On a practical note, if your daughter-in-law is breastfeeding, especially breastfeeding on demand – and newborns breastfeed almost constantly given the chance – your thoughtful offer of "having her for a few hours" just won't work.

It doesn't all happen at once. You will probably have many years of wonderful enjoyment in your granddaughter's life ahead of you. flowers

grandmo1512 Sat 30-Mar-13 15:44:08

Thanks Ana & Movedalot- wise advice I think !Its hard when you are feeling your way! Yeah I'm sure I'll get my chance soon. Didn't know Gransnet existed until today think I'm going to like it! smile

Movedalot Sat 30-Mar-13 15:33:52

I agree with Ana. You do need to tread very carefully when it is not your own daughter. There are many who will tell you that they have lost all contact with their son and grandchildren so I would suggest you do what they want or you could alienate her. Let them enjoy her in their own way and they will come round eventually. Just make sure they know you are available if they want you.

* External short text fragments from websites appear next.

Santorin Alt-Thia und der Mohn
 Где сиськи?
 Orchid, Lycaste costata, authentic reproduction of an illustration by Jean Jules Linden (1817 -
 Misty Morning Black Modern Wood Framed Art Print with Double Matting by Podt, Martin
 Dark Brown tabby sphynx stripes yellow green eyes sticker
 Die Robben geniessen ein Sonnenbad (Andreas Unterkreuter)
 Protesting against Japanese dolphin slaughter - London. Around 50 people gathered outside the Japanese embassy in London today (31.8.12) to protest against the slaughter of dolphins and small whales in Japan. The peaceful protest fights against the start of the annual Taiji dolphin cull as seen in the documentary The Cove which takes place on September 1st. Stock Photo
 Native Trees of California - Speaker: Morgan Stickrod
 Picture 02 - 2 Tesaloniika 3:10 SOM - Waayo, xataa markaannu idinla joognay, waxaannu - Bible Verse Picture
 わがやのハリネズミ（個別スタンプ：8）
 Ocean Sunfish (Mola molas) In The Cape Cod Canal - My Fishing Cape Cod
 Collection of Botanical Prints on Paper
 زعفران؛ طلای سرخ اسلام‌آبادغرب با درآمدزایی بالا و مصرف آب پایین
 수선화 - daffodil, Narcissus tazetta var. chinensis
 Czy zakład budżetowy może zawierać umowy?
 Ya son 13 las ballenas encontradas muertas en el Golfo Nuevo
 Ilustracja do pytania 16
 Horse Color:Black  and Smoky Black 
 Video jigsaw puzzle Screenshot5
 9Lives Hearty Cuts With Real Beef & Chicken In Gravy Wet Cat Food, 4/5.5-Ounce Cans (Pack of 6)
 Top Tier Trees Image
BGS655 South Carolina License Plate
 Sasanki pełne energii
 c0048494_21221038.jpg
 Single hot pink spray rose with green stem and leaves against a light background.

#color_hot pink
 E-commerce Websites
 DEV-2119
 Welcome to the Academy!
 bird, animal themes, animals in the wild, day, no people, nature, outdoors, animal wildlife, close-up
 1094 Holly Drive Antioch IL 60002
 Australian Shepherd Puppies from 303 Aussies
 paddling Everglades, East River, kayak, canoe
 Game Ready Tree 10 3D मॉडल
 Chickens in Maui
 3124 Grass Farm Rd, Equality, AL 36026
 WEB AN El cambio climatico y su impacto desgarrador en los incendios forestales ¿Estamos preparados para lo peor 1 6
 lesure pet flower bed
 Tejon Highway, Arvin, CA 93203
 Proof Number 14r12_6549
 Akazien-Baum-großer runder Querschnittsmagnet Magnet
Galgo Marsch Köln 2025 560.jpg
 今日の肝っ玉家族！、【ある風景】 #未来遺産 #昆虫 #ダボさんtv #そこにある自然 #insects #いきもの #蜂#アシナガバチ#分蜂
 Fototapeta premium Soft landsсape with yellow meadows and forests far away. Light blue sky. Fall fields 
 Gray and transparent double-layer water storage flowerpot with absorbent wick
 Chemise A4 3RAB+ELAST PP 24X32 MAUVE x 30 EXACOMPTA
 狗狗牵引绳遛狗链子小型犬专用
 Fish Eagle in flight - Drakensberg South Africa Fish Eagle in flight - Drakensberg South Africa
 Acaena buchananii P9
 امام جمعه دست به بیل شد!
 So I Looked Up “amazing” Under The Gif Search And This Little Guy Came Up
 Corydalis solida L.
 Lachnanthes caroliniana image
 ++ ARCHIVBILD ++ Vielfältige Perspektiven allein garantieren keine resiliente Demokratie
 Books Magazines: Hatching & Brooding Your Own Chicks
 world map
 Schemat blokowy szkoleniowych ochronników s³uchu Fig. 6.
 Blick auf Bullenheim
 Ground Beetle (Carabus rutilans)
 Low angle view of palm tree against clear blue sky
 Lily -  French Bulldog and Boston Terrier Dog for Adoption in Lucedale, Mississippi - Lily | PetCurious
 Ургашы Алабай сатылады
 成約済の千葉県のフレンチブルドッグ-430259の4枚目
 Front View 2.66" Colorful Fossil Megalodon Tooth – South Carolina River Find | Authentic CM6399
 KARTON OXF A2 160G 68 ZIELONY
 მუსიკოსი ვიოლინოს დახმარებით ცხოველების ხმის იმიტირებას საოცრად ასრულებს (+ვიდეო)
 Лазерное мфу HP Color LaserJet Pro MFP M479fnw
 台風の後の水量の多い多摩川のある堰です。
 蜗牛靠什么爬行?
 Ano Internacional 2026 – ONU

Ana Sat 30-Mar-13 15:26:25

Your GD is only two months old, so everything is all new to the parents - it'll take some time to adjust! I expect they're absolutely exhausted and can't even think about having a break just yet, although I'm sure they'll be very grateful for the opportunity a bit later on.

Give them some time and space, and let them know you're there if they need you - that's all you can do!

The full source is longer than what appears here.